Elham Rahmati (b. 1989, Tehran) is a visual artist and curator based in Helsinki. She is the co-founder and co-editor of NO NIIN. In 2019 and 2020, she worked as the curator and producer of the Academy of Moving People & Images (AMPI), a film school in Helsinki for mobile people.
Vidha Saumya (b. 1984, Patna) is a Helsinki-based artist-poet. She is the co-founder and co-editor of NO NIIN – an online monthly magazine in Finland, and a founding member of the Museum of Impossible Forms – an award-winning cultural para-institution in Kontula, Finland.
To forgive our aunties and their misguided yet well-meant advice
Elham Rahmati
Last month, I visited a second-hand bookstore somewhere in Punavuori. I was looking for a book to buy as a gift for someone but couldn’t find anything. The books in English were few, mostly classics and not in a good shape. Somehow on a top-shelf, I came across a book in a tip-top condition called Mister Pip1 written by Lloyd Jones; I didn’t know the novel or the author but the book had a beautifully illustrated hardcover and sometimes, it is reason enough to purchase a book just because it’s pretty. So for now I’m keeping it for myself and will not offer it as a gift to anyone unless later it turns out the inside doesn’t measure up to the outside, in that case, I might just revisit my generosity.
Mister Pip opens on a remote South Pacific island, threatened by uprising, where young Matilda and her classmates find their lives surprisingly intertwined with those of a boy called Pip, the hero of Mr Dickens’s The Great Expectations. The book is introduced to the kids through a man popularly known as Pop Eye who is the only teacher left on the conflict-stricken island. He confesses on the first day of school that he is not a teacher and that apart from his love of The Great Expectations he doesn’t have much to offer. So as a solution he invites the family members of the students to each come to the class and share a piece of their knowledge, tools they have gathered throughout their life to understand and enjoy their surroundings and to survive. They can talk about anything, about their love for the colour blue or learning to predict the weather by looking at the behaviour of crabs: “Wind and rain are on the way if a crab digs straight down and blocks the hole with sand leaving marks like sun rays. We can expect strong winds but no rain if a crab leaves behind a pile of sand but does not cover the hole.” I haven’t finished the book yet, and to be honest, I do find the general theme of a novel by a dead white man being the source of joy in a colonized island inhabited by Black people, quite problematic. But the glorification of cultural imperialism aside, I found the chapters about the ordinary people giving tips and advice and sharing their acquired knowledge on the ordinary things as part of a school curriculum interesting.
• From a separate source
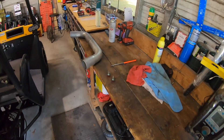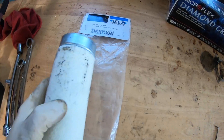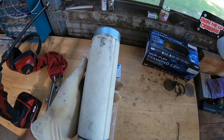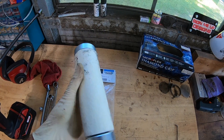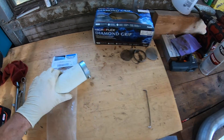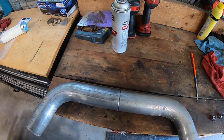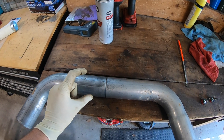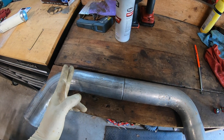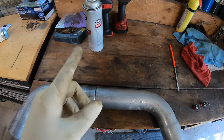Here's the idea: I had this Drag Specialties two-and-a-half inch baffle left over from a project — there's the part number if you need it — it's about a six or eight inch baffle, pretty long. I've also got some scrap exhaust tubing — two-and-a-half inch OD exhaust tubing you can get from any auto parts store. What I'm going to do is cut it and kind of make a dump pipe. I'll show you what I'm talking about.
I thought about what I would teach if I was given an hour to share the quintessence of all that I know, what advice would I give? Not on a remote island in the South Pacifics, but here in the contemporary art scene of a small Nordic European country.
I majored in film studies in high school. I was and still am extremely passionate about cinema and my teenage dream was to become a film director. To be specific, I wanted to be the second coming of Martin Scorsese. However, being too shy, introverted and not being very good at standing up for myself in group projects didn’t make things easy. When I got my diploma and had to figure out a university plan, I went to one of my younger aunts for advice. She told me, “it doesn’t matter how talented you are, how much you try, how much you read, how many films you watch and how many exceptional scripts you write. You can never become a film director because you don’t have the personality it requires and you can’t acquire those necessary traits by studying and practicing”. So I moved on to get a BA in painting as all it asked for was me, my introverted personality, canvas, paint and brush.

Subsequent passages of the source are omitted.